J'ai regardé un doc de 2009 hier, "Vertige d'une rencontre" de Jean-Michel Bertrand. Il y a de très belles choses, surtout des scènes magnifiques avec les animaux sauvages. De jeunes chamois aux corps élastiques qui font les fous sur des névés à l'arrivée du printemps, des hermines qui sautillent de rochers en rochers en faisant des contorsions burlesques, etc. On se rend bien compte, en voyant ainsi la nature en action, de l'inutilité de tout effort d'enrobage scénaristique, technologique, pour rendre ces bestioles amusantes. Le dessin-animé, le numérique, sortent irrémédiablement perdant face à une nature déjà en elle-même - même si malgré elle - joyeuse et burlesque.

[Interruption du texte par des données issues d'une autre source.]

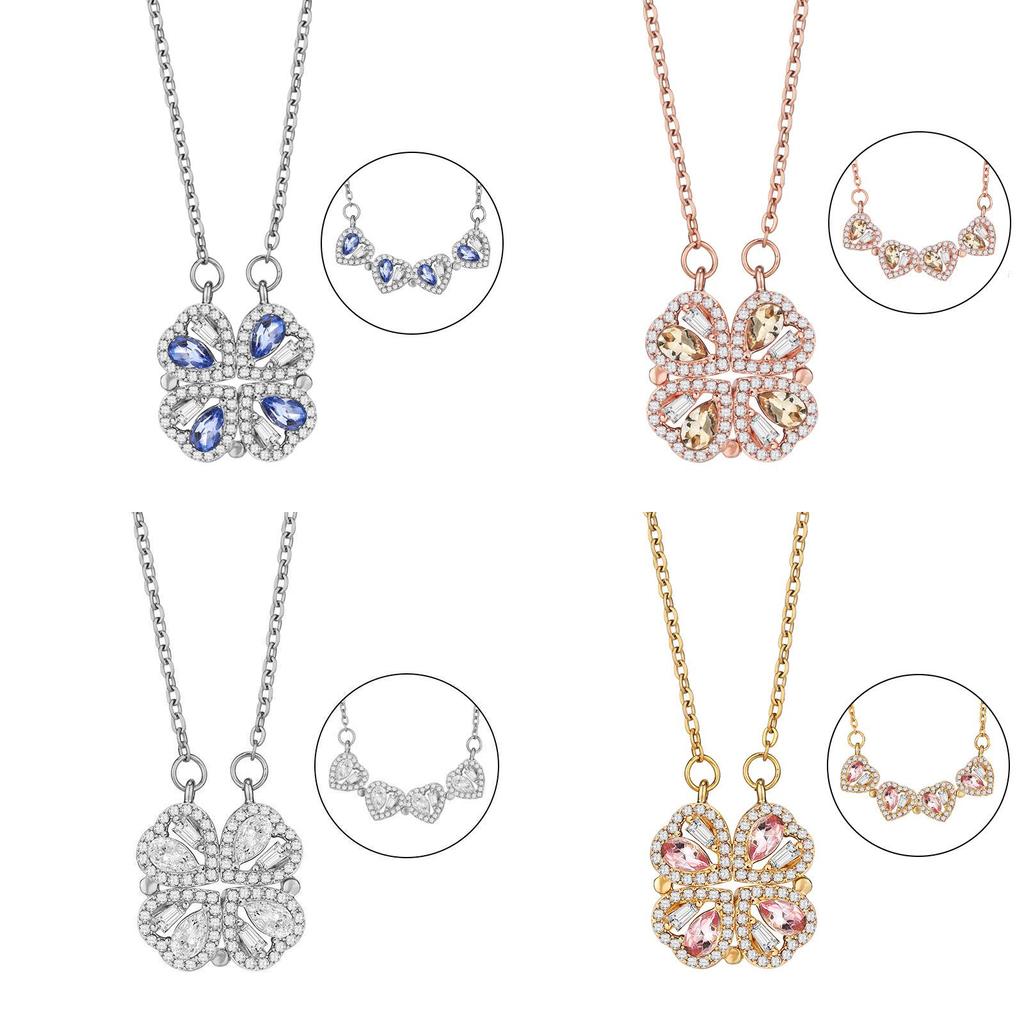 Collana Trifoglio a Quattro Foglie per Donna con Accenti in Zirconia Cubica Finitura Oro e Oro Rosa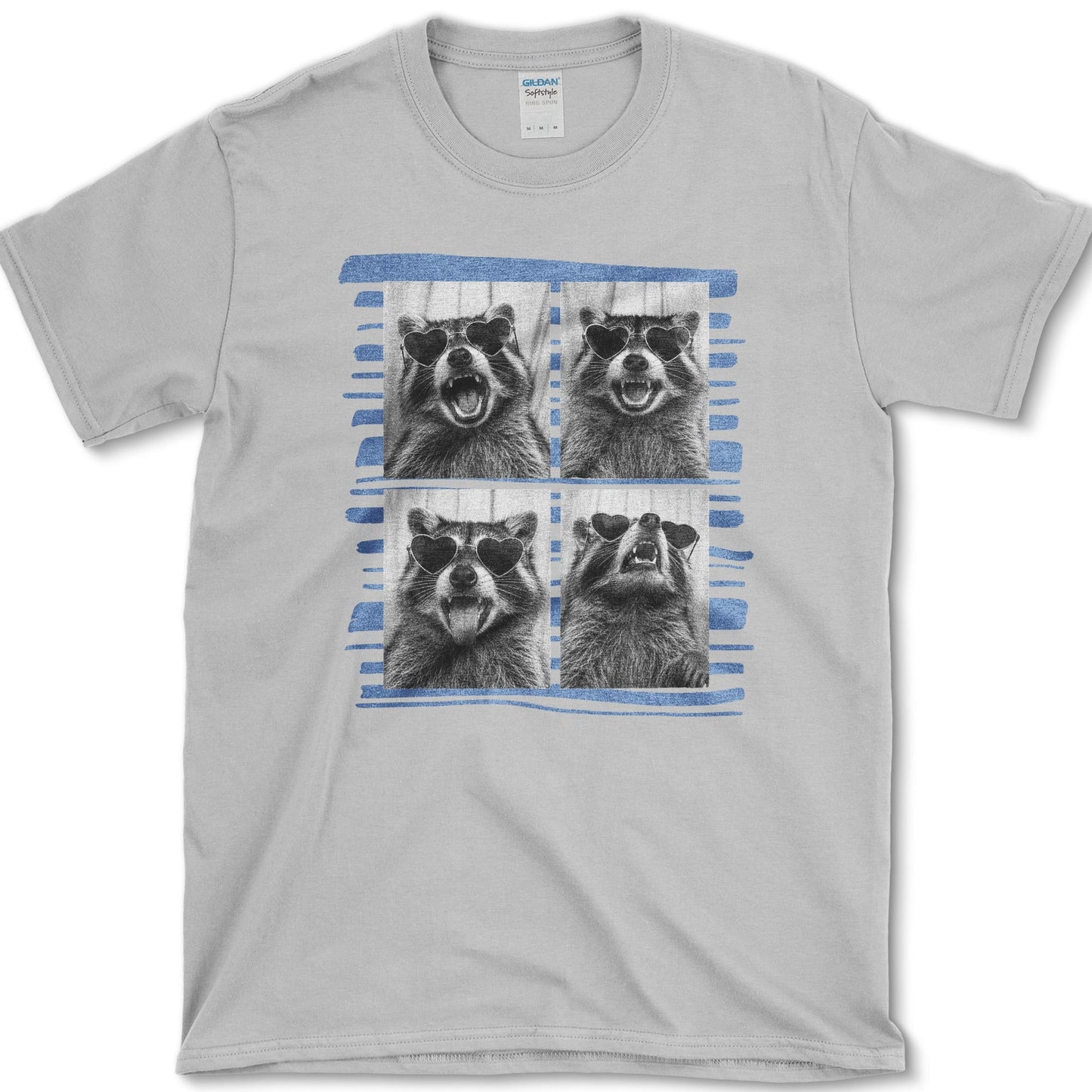 Raccoon artwork featuring raccoon photo booth and raccoon and backyard wildlife on a t-shirt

Le moins intéressant est le commentaire du cinéaste sur ses images, sauf lorsqu'il évoque sa relation avec les animaux avec lesquels il travaille (un âne, puis un cheval de montagne), ou quand il donne simplement le nom des espèces que nous voyons. Le grand discours sur la nature et l'explication du processus de disparition de l'homme face à la nature (pour la filmer) sont superfétatoires.
Notebad
 

Re: Les bêtes du cinéma

Messagepar JM » Sam 21 Juin 2014 15:45

Rapidement car c'est pas le sujet, j'ai regardé "Vic+Flo ont vu un ours" de Denis Côté (même année que "Bestiaire"). C'est nullard, film complètement antipathique pour les mauvaises raisons (qu'on trouvait déjà dans son interview à Independencia citée plus haut), le côté hautain du réalisateur qui croit faire du neuf essentiellement avec du ringard et des clichés. On regarde le film et les personnages de manière surplombante, le nez pincé pour ne pas éclater de rire, à l'extérieur de leur histoire, leur vie. Il y a un passage dans une prison pour femmes, quasiment abstrait, complètement détaché du reste du film, genre le type snob qui fait de l'art plastique à l'heure de représenter l'espace de la prison (Le passage dans la prison pour femmes dans "Suzanne" de Suzanne Quillévéré était plus touchant, moins cynique. Il s'intégrait plus au reste du film, au propre parcours humain de Suzanne, et évitait ainsi de faire passer les détenues pour des animaux en cage). Le final outrancier (d'un film qui dès le début donne l'impression de ne pouvoir aller nulle part sinon dans le mur) enfonce le clou.